This is a nice little app for what it does, but imagine what it’s going to evolve into: a portable heads-up display for everything. Yes, right now it lists restaurants, subway stations (in certain cities), and wifi hotspots, but it’s not that hard to extrapolate a few years into the future where this app – or something like it – connects you to all the available information about whatever you’re looking at.
Whether it's this thing or some other, we are one way or another headed towards immediate on-the-go information all the time. But information alone is not education. Knowledge of content is only half the battle.
As constant immediate information becomes the norm, more than ever we are going to need to instill critical analytical skills into our students' educations. But we have to get beyond the limited definitions of critical thinking so often espoused.

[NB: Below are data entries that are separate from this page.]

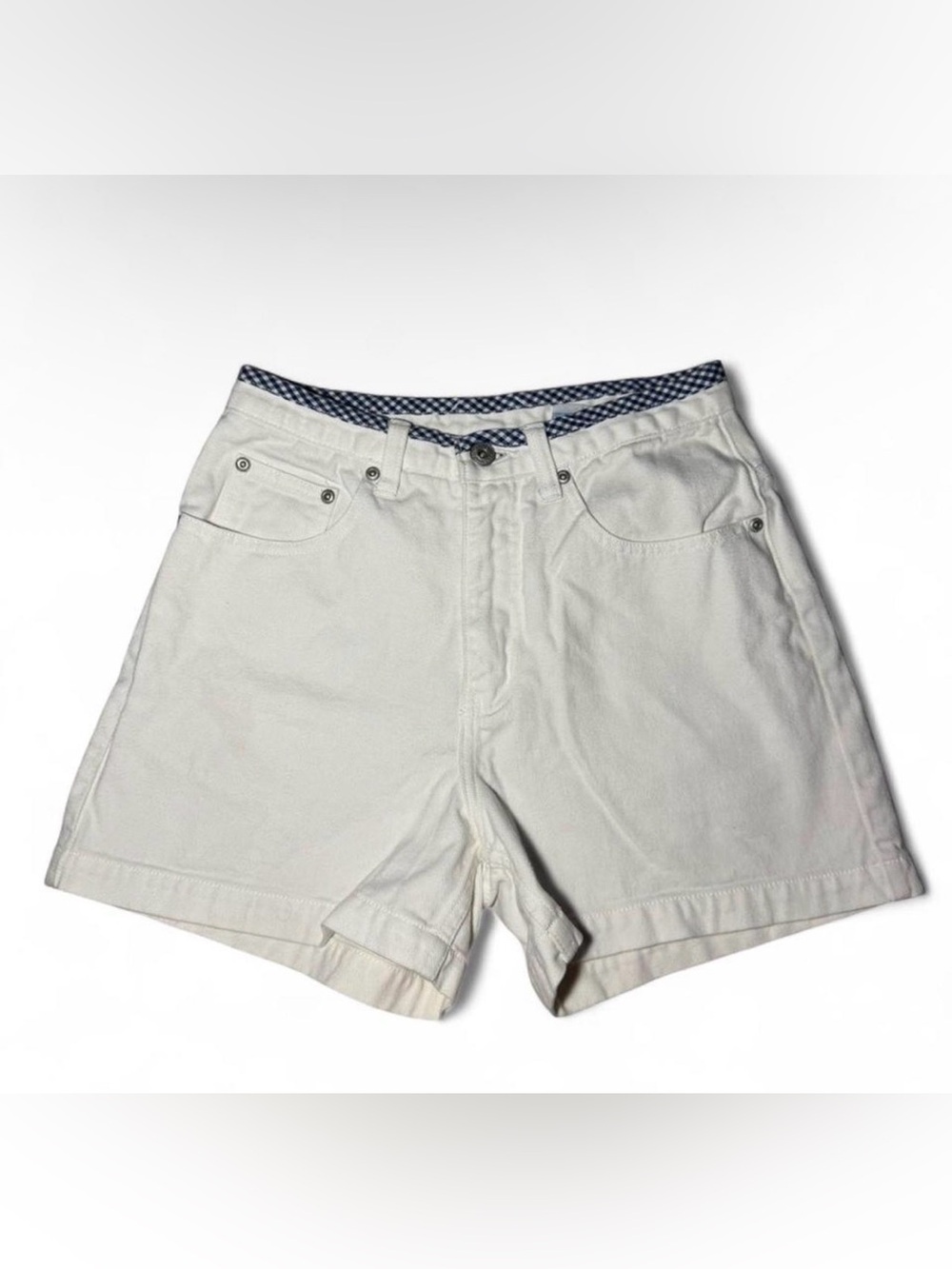 Y2K 90s LA Blues White denim shorts with blue gingham waistband. Size: 6🪩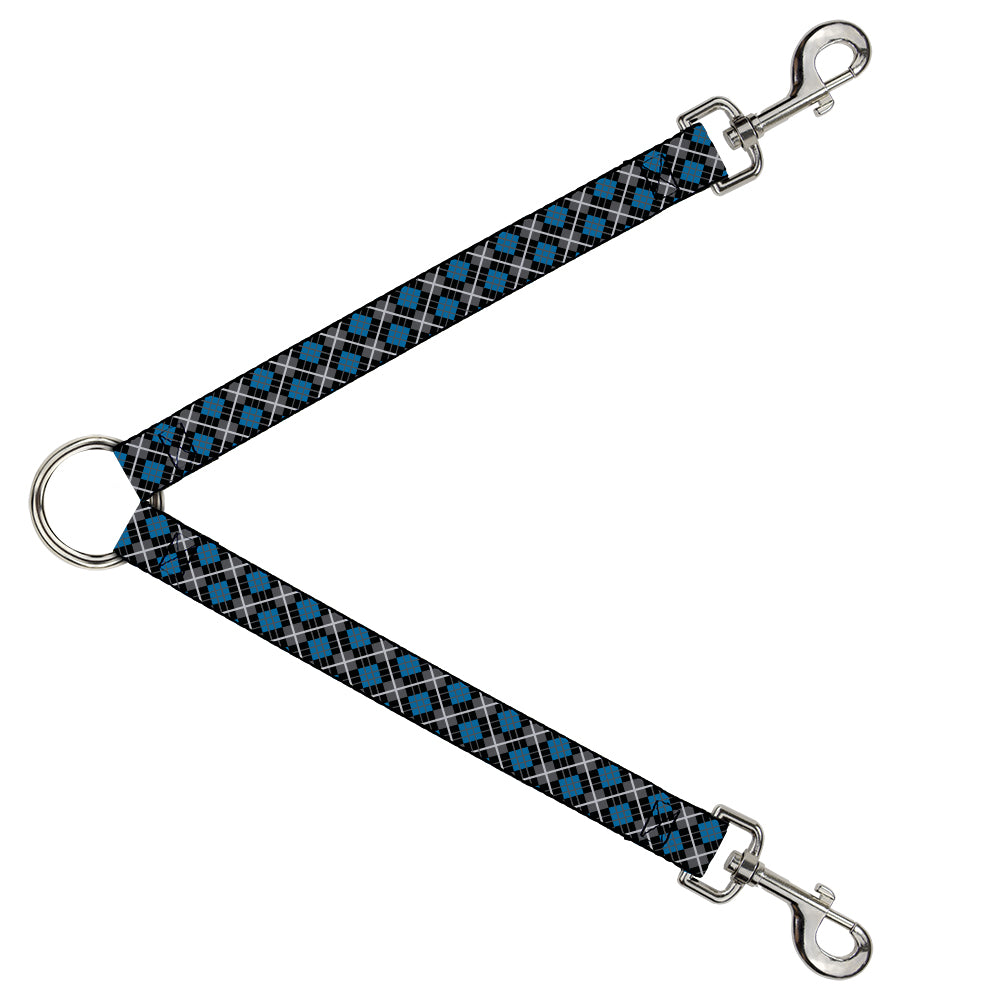Dog Leash Splitter - Argyle Black/Gray/Turquoise Dog Leash Splitters Buckle-Down   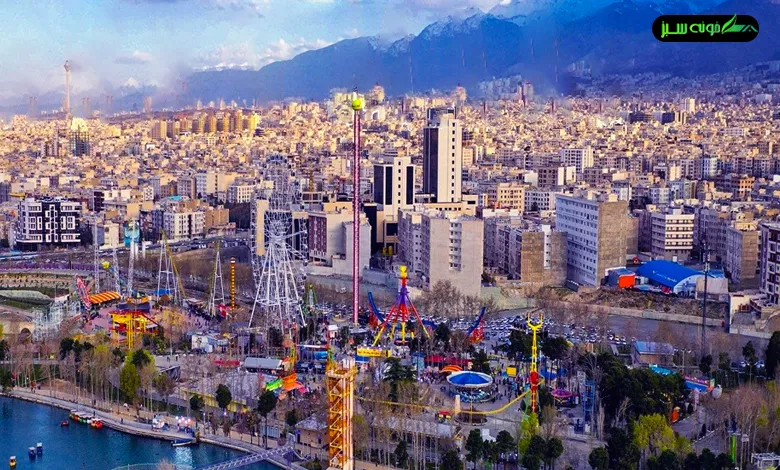 نمایی زیبا و جذاب از پارک ارم تهران
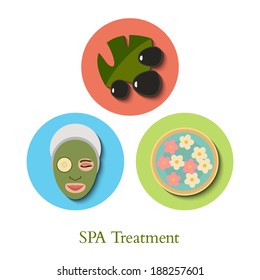 SPA treatment Icons Set. Vector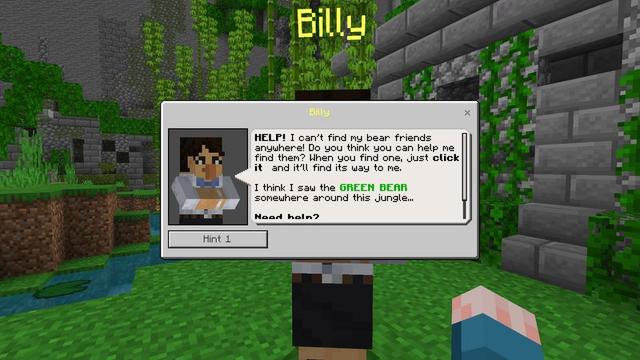 Screenshot of the Minecraft Bedrock Marketplace product Find the Bear created by Meraki.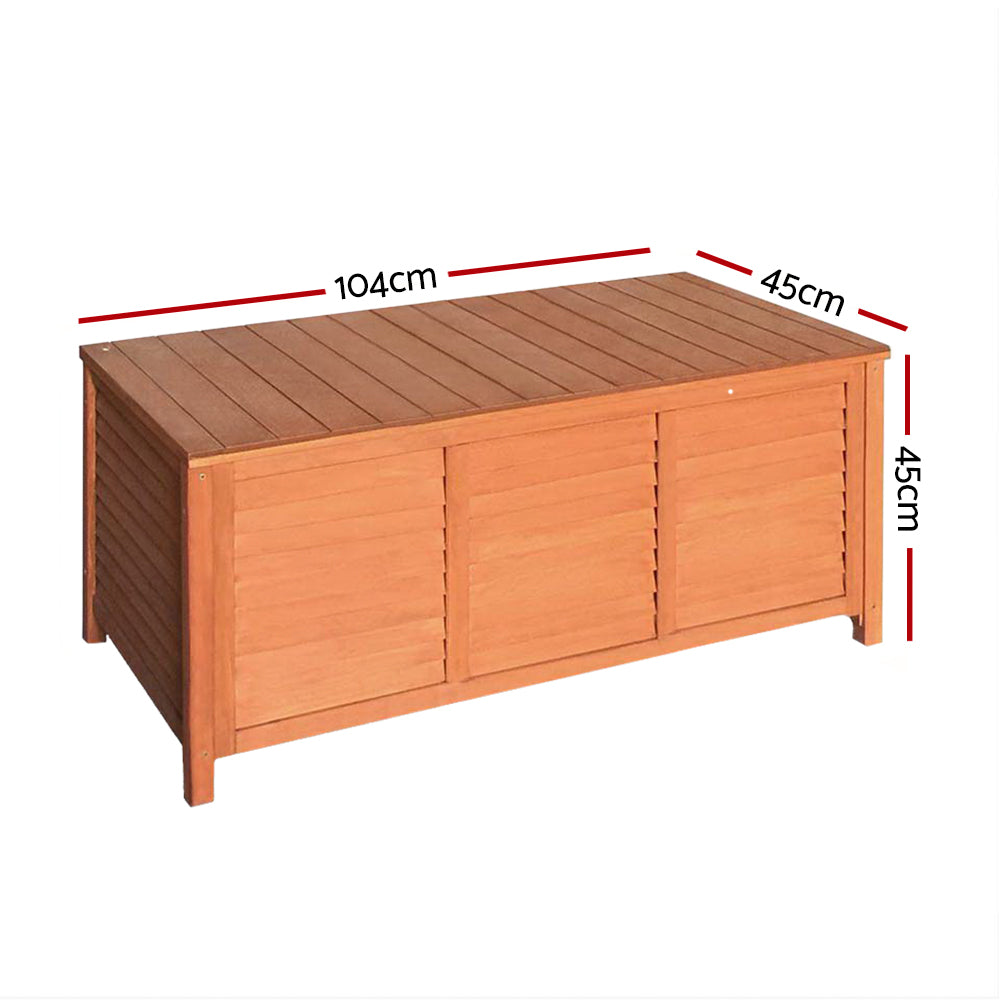 Indoor Outdoor Fir Wood Storage Container Bench Box - 50KG Capacity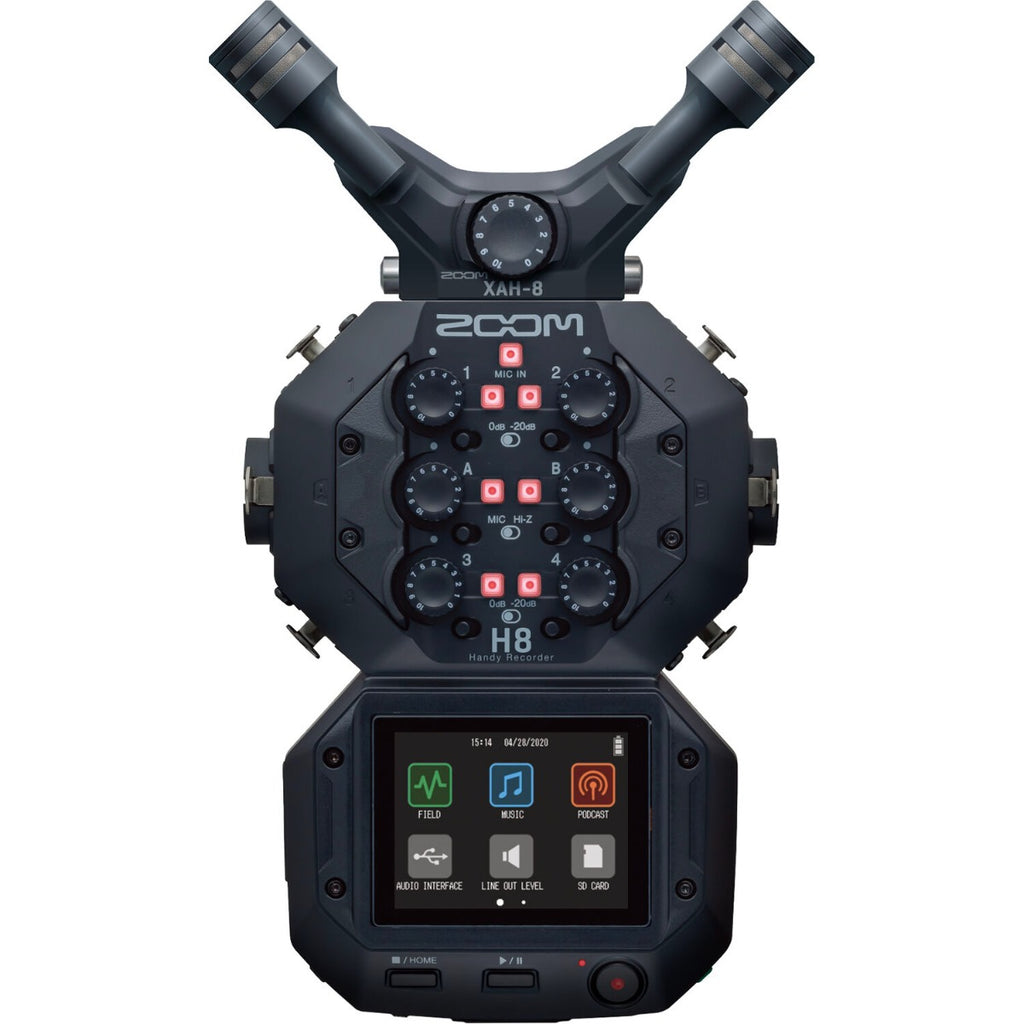 Zoom XAH-8 recorder accessory for Zoom H8, showing a compact audio equipment component with connection ports.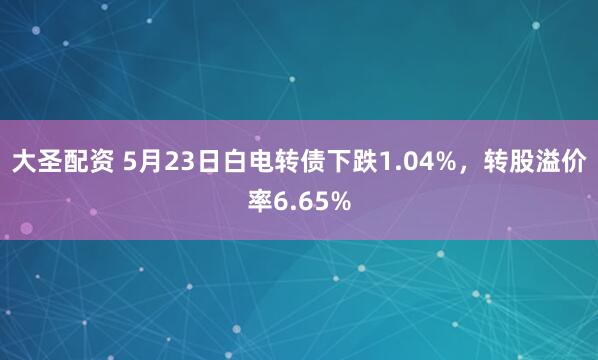 大圣配资 5月23日白电转债下跌1.04%，转股溢价率6.65%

We have to ever more distinguish between the ability to 'know' something and the ability to 'understand'. And most specifically to what this type of critical thinking should look like in the Digital Age, I'd suggest we need to consider the uniquely particular 21st century instances of content: namely links and apps.
Now, sure, links have been around since the beginning of the World Wide Web. But especially with regard to the savvy linking done on the fly via Twitter, links themselves are taking on the position of content rich text-forms.
We have to teach kids to understand the critical basis of 'link decision'; that is, the decision to hyperlink online. Links -- especially in mobile apps -- have become more than just directional; they've gained a sort of a live intertextual import. And so, I'd like to see intertextuality take center stage in our discussion of teaching critical thinking skills.
Because it's not just about reading the text; it's about meta-reading the links.
That too is part of the difference between knowing and understanding in the Digital Age.